→ Work item
Only the last stretch of the records is wanted: restate word for word the line with "how to spend" and every line after it.
==== Dataset records
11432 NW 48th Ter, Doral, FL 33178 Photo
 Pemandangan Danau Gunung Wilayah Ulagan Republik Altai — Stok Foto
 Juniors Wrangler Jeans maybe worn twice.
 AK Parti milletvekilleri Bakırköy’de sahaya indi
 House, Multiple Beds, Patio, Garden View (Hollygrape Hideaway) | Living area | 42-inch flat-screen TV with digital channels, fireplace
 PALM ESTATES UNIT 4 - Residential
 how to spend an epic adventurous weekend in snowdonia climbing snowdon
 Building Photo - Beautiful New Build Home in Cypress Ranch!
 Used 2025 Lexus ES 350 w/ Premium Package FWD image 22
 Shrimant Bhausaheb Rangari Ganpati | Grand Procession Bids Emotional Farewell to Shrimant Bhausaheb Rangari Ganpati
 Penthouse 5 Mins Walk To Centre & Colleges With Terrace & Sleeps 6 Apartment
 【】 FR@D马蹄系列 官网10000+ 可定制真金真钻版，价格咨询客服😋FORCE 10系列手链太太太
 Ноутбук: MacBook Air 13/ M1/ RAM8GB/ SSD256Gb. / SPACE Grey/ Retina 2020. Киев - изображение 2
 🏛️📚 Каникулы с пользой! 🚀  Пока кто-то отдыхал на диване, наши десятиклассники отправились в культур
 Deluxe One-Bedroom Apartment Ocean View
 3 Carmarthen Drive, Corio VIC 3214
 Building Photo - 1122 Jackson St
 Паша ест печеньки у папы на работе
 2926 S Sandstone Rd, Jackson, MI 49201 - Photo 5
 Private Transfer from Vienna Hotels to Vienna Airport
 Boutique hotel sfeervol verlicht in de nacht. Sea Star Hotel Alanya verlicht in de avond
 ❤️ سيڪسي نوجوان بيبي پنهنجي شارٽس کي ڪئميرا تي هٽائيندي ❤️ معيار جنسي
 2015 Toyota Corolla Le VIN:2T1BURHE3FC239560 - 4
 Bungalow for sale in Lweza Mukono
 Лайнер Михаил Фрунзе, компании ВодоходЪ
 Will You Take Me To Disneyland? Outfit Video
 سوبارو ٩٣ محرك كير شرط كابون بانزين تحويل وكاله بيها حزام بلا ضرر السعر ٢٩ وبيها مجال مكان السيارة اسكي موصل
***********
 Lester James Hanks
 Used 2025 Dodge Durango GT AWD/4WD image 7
========
→ Response to this task
 how to spend an epic adventurous weekend in snowdonia climbing snowdon
 Building Photo - Beautiful New Build Home in Cypress Ranch!
 Used 2025 Lexus ES 350 w/ Premium Package FWD image 22
 Shrimant Bhausaheb Rangari Ganpati | Grand Procession Bids Emotional Farewell to Shrimant Bhausaheb Rangari Ganpati
 Penthouse 5 Mins Walk To Centre & Colleges With Terrace & Sleeps 6 Apartment
 【】 FR@D马蹄系列 官网10000+ 可定制真金真钻版，价格咨询客服😋FORCE 10系列手链太太太
 Ноутбук: MacBook Air 13/ M1/ RAM8GB/ SSD256Gb. / SPACE Grey/ Retina 2020. Киев - изображение 2
 🏛️📚 Каникулы с пользой! 🚀  Пока кто-то отдыхал на диване, наши десятиклассники отправились в культур
 Deluxe One-Bedroom Apartment Ocean View
 3 Carmarthen Drive, Corio VIC 3214
 Building Photo - 1122 Jackson St
 Паша ест печеньки у папы на работе
 2926 S Sandstone Rd, Jackson, MI 49201 - Photo 5
 Private Transfer from Vienna Hotels to Vienna Airport
 Boutique hotel sfeervol verlicht in de nacht. Sea Star Hotel Alanya verlicht in de avond
 ❤️ سيڪسي نوجوان بيبي پنهنجي شارٽس کي ڪئميرا تي هٽائيندي ❤️ معيار جنسي
 2015 Toyota Corolla Le VIN:2T1BURHE3FC239560 - 4
 Bungalow for sale in Lweza Mukono
 Лайнер Михаил Фрунзе, компании ВодоходЪ
 Will You Take Me To Disneyland? Outfit Video
 سوبارو ٩٣ محرك كير شرط كابون بانزين تحويل وكاله بيها حزام بلا ضرر السعر ٢٩ وبيها مجال مكان السيارة اسكي موصل
***********
 Lester James Hanks
 Used 2025 Dodge Durango GT AWD/4WD image 7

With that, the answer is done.